Vision Service

Explanation of the vision service, its configuration, and its functionality.

Intro and Summary

The vision service enables the robot to use its on-board cameras to intelligently see and interpret the world around it. We’re here to help you with everything that happens after you have your image data.

Currently, there are three operations available through the vision service:

  • Detection (or 2D object detection): Allows a user to get bounding boxes around identified objects in a 2D image according to a user-defined algorithm. Many detection algorithms also include class label and confidence as output.

  • Classification (or 2D image classification): Allows a user to get a class label and confidence score associated with a 2D image according to a user-defined algorithm.

  • Segmentation (or 3D object segmentation): Allows a user to get point clouds of identified objects in a 3D image according to a user-defined algorithm.
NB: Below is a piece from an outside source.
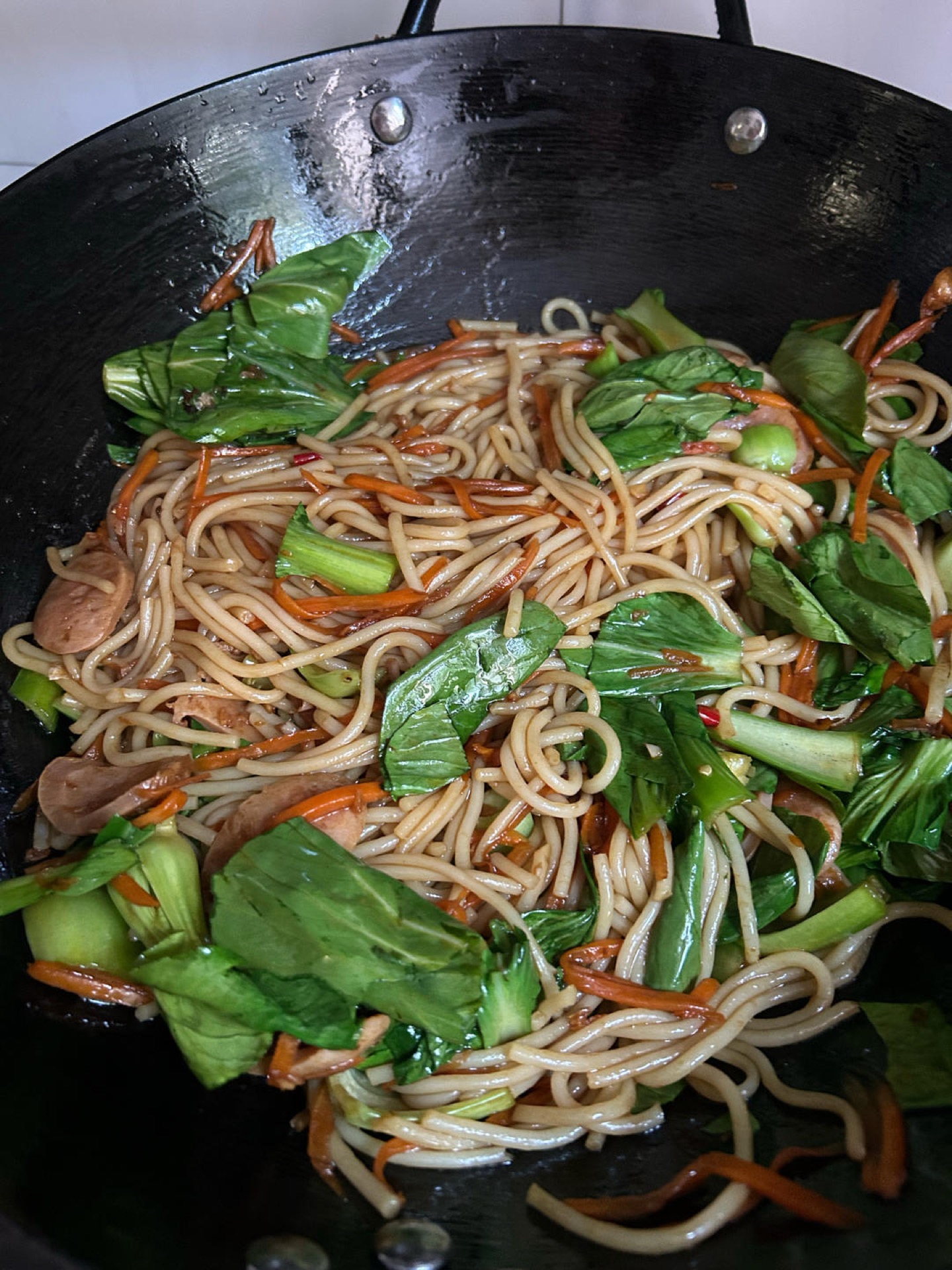 Bok choy being folded into stir-fried rice noodles in a wok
The vision service is a default service on the robot, and can be initialized without attributes.

VisModels

OperationVisModelTypeParameters
Detectiontflite_detector“model_path”, “label_path”, “num_threads”
tf_detectorTBD - Not yet supported
color_detector“detect_color”, “hue_tolerance_pct”, “segment_size_px”
Classificationtflite_classifier“model_path”, “label_path”, “num_threads”
tf_classifierTBD - Not yet supported
Segmentationradius_clustering_segmenter“min_points_in_plane”, “min_points_in_segment”, “clustering_radius_mm”, “mean_k_filtering”
detector_segmenter“detector_name”, “confidence_threshold_pct”, “mean_k”, “sigma”

More about the parameters and model types can be found under the corresponding operation below.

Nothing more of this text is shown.